It seems every package manager's authors flatly ignore real-world performance.

Is there a plan to support symlinking any time soon. I feel like it would be a simple implementation and just add a --symlink flag. Where can I find the issue?

Daniel15 commented 8 years ago

, the "Linking dependencies..." step takes about 5 minutes. Symlinking would take a couple of seconds.

I wonder how long hardlinking would take. Definitely longer than symlinking as you need to hardlink each individual file, but it should be faster than copying the files over while avoiding some of the disadvantages of symlinks. I think it's worth having both a hardlink and a symlink mode, both of them opt-in.

tlbdk commented 8 years ago

We could also use a symlink or hardlink feature when doing builds on our build server as copying of node modules is far the slowest part of the build, fx. our build time drops from 3 minutes with npm install(1:45 with yarn) to 15 seconds if we cache and symlink the node_modules folder between builds(we do hasing of the packages.json to know when to invalidate the cache). A raw copy with cp takes 45 seconds.

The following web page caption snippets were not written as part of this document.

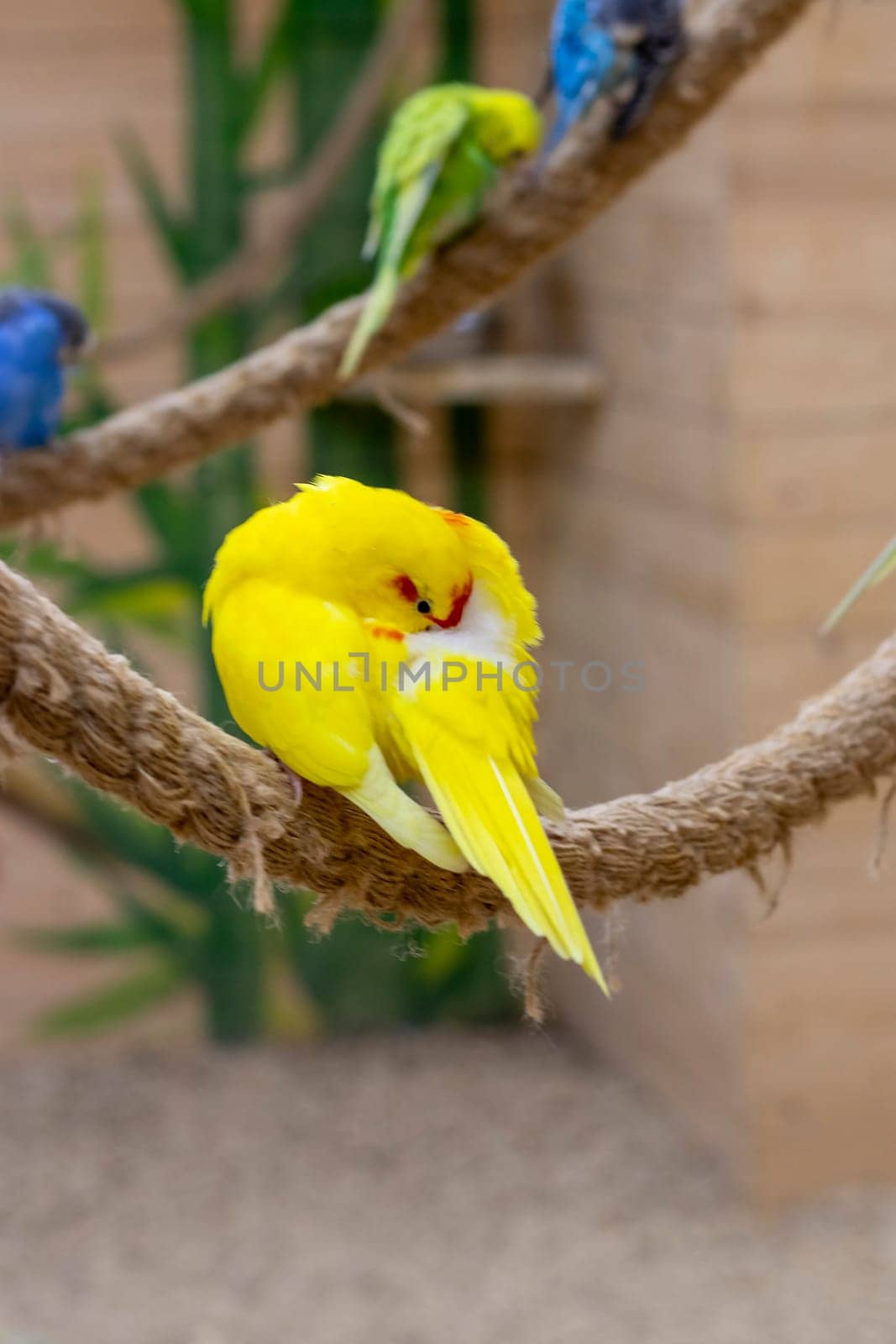 Close up shot of the red crowned parakeet or kakariki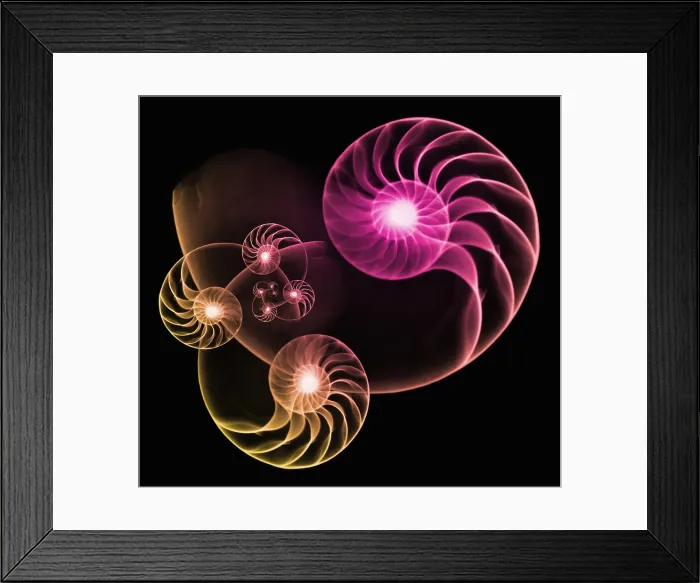 Framed Print : Nautilus Shells, X-Ray Collage Framed Print : Nautilus Shells, X-Ray Collage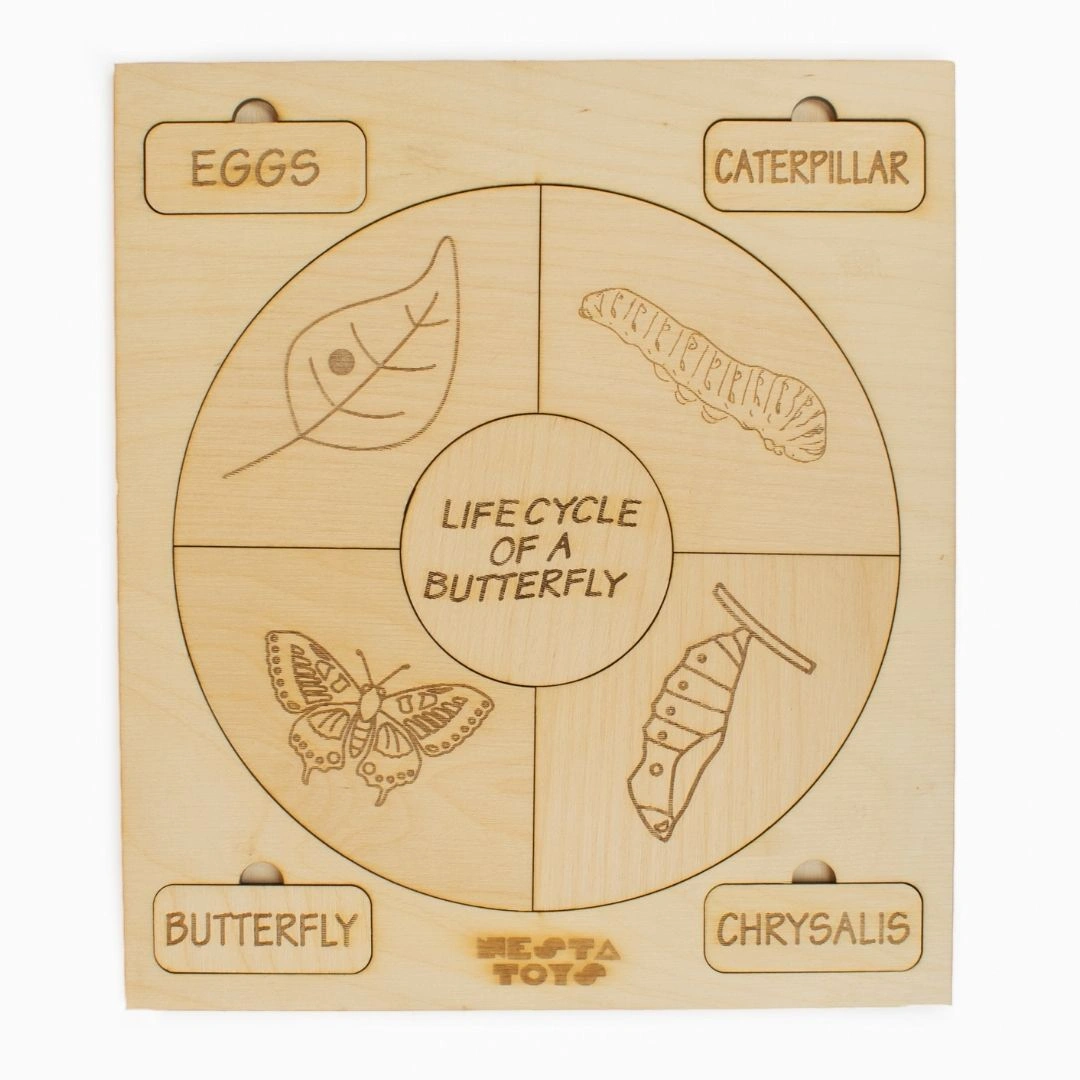 NESTA TOYS - Montessori Life Cycle Puzzle | DIY Coloring Activity (36 Pieces) - Frog, Plant, Chicken &amp; Butterfly-12359932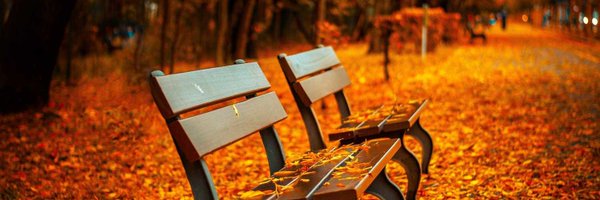 Vincesrring Profile Banner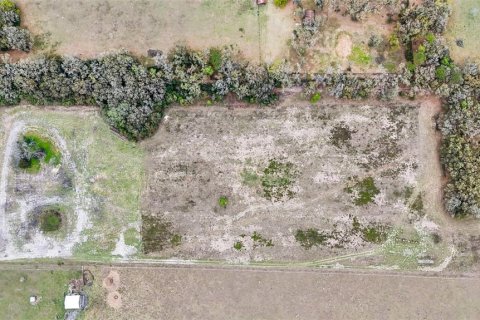 Terrain à vendre à Williston, Floride № 1551209 - photo 5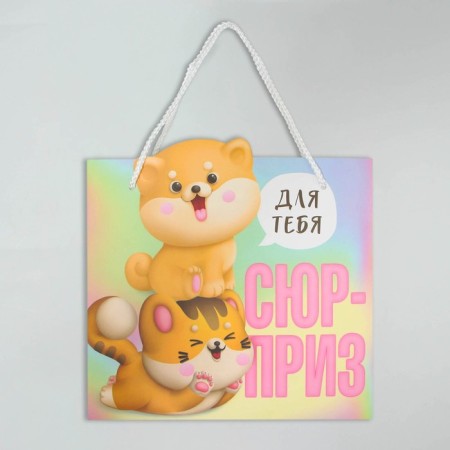 Gift package, packaging, "Surprise", 25 x 26 x 10 cm-5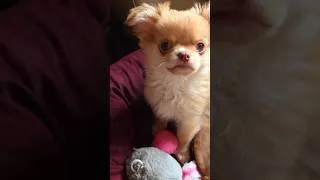 Miniature : Un petit coucou de Mylan 🥰❤️#chihuahua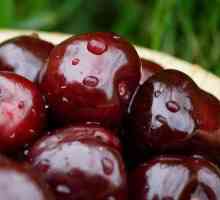 Cherkokorka Cherry: Характеристики на сорта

AlicanC commented 8 years ago

Yarn initially used to use symlinks and we changed it because our internal tooling (watchman etc.) doesn't work well with symlinks.

Lack of symlink support in Watchman blocks more than Yarn: https://github.com/facebook/react-native/issues/637

I develop React Native, Browser and Electron apps and I only had problems with symlinks in React Native and that was because of Watchman.

The reason we can't have symlinking in Yarn shouldn't be Watchman or some other internal Facebook tooling. The rest of the ecosystem appears to support it well.

Symlinking should be opt-out.

Daniel15 commented 8 years ago

Hardlinks should work fine with Watchman, and any other tool, since they look identical to "regular" files. That's one reason I suggested trying hardlinks rather than symlinks.

AlicanC commented 8 years ago

Isn't it a lot slower to create hardlinks and also harder to implement? Also, should Yarn (or any other tool) really mess with people's filesystems?

If you are planning to implement both hardlinking and symlinking, starting from symlinking should be better. I think many people would opt-in and work problem free or fix any problems caused by other tooling.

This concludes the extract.